How did you start working in the rare book trade and what were your first encounters?
In college I wondered if I might fashion an interest in old books into some kind of career. I inquired with a rare book dealer and he hired me on the spot. For four years I cataloged inventory, sold books to foot traffic, and prepared offers for anyone selling material. I then went to library school in search of geographic mobility, which set off a 10-year employment tour of several universities. When my wife accepted a job near Boston in 2018, I leapt at the chance to return to my trade roots and go into business for myself.
What do you specialize in and please describe your business a little to us?
I focus on pre-1830 European material, and principally non-English. I love the hand-press period and I love languages. So this slice of the book trade seemed to offer the greatest opportunity to add value to material through research. I most enjoy working with the popular and ephemeral, those fleeting printed vestiges of everyday life. I can't resist compelling evidence of use, nor anything that smacks of the alteration or repacking of early print. The more unusual, the better. I work primarily with American institutional libraries, which invariably influences my descriptions. I aim to provide a little research-based context and interpretation, just enough to allow anyone, with a moment's notice, to put my unfamiliar material before an audience and have something to say. I know what it's like to be responsible for collections I haven't had time to investigate.
What do you do if you are not pre-occupied with rare books?

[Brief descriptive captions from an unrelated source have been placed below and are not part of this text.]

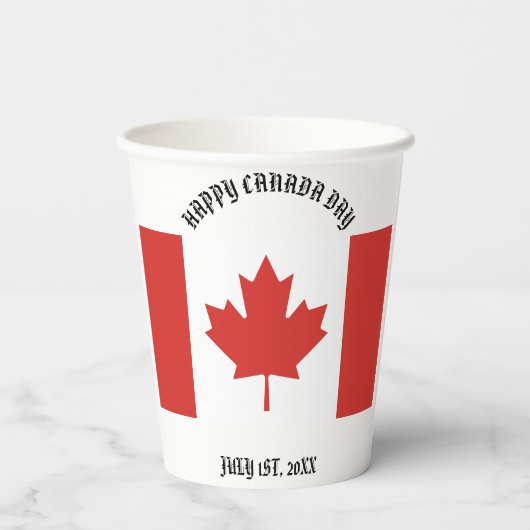 Gelukkige Canada Dag 1 Juli Partij Papieren Bekers (Achterkant)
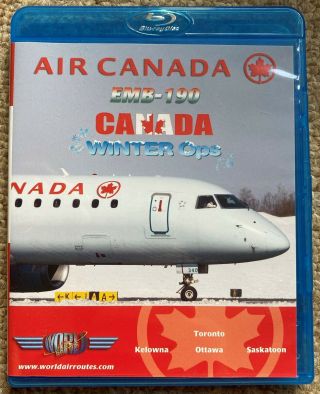 Just Planes Air Canada E - 190 " Canada Winter Ops " 3 Different Routes Blu Ray Dvd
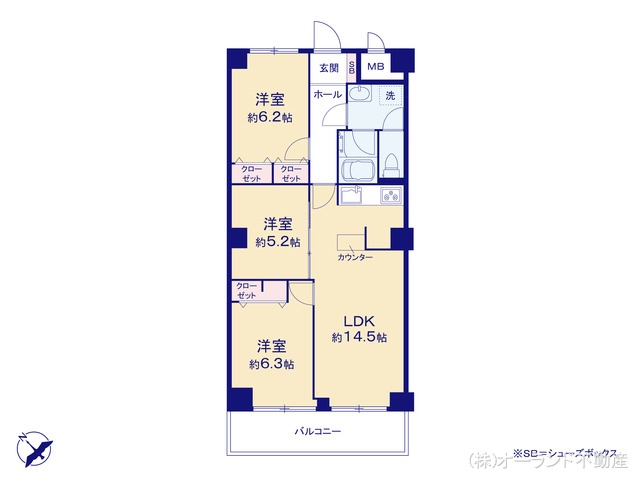 千葉県松戸市東平賀のマンション『ライオンズマンションロワイヤル北小金』 3LDK間取図 ※図面と異なる場合は現況を優先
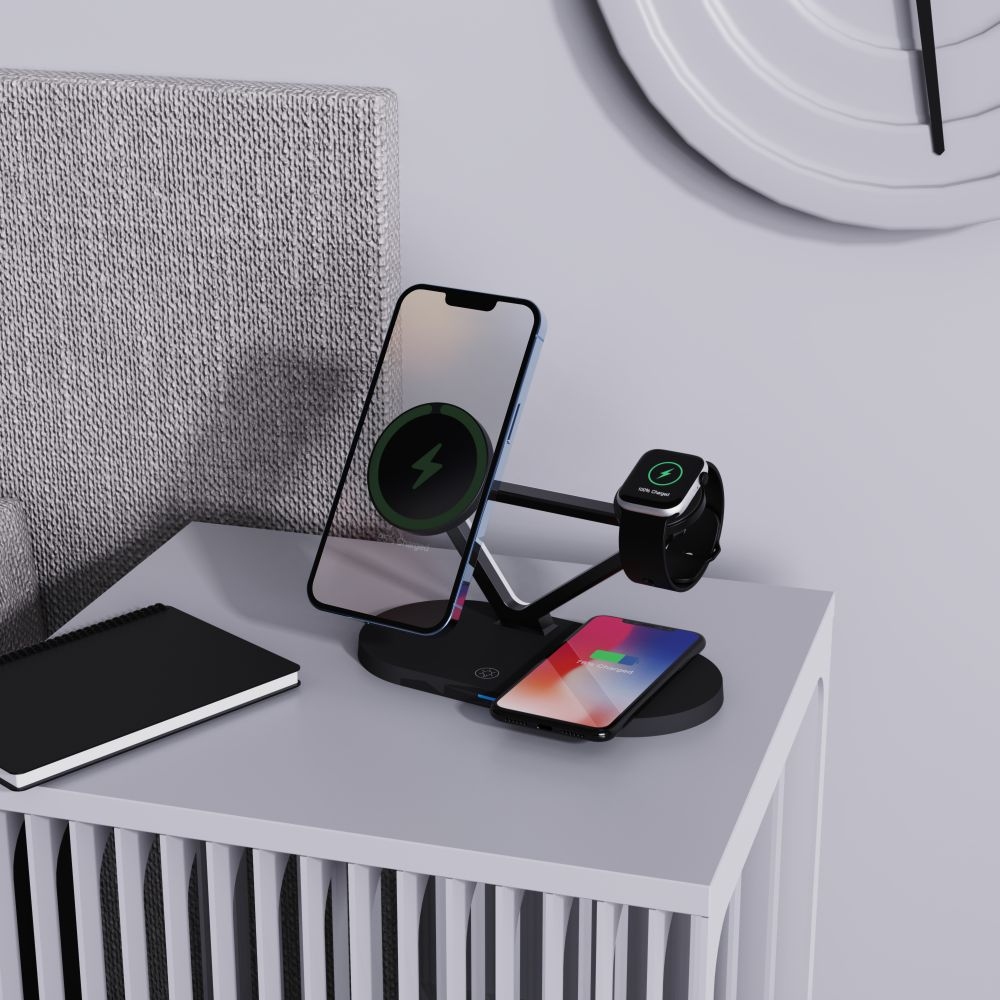 Tech-Protect QI15W-A41 3in1 vezeték nélküli MagSafe töltőállvány - Fekete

It's summer, so I've been slicing a lot of melon and watering lots of plants. Our old house keeps us busy with its own needs, and our three cats with theirs. I'm also a strong believer in hobbies. I've loved spending time in the mountains since I was kid and it still defines most of my vacations -- alpine skiing, climbing, backpacking. I've gotten into woodworking these last few years, and recently started dabbling in bonsai. If I can keep my little jade alive for a year, I'll permit myself to get another tree. Fingers crossed!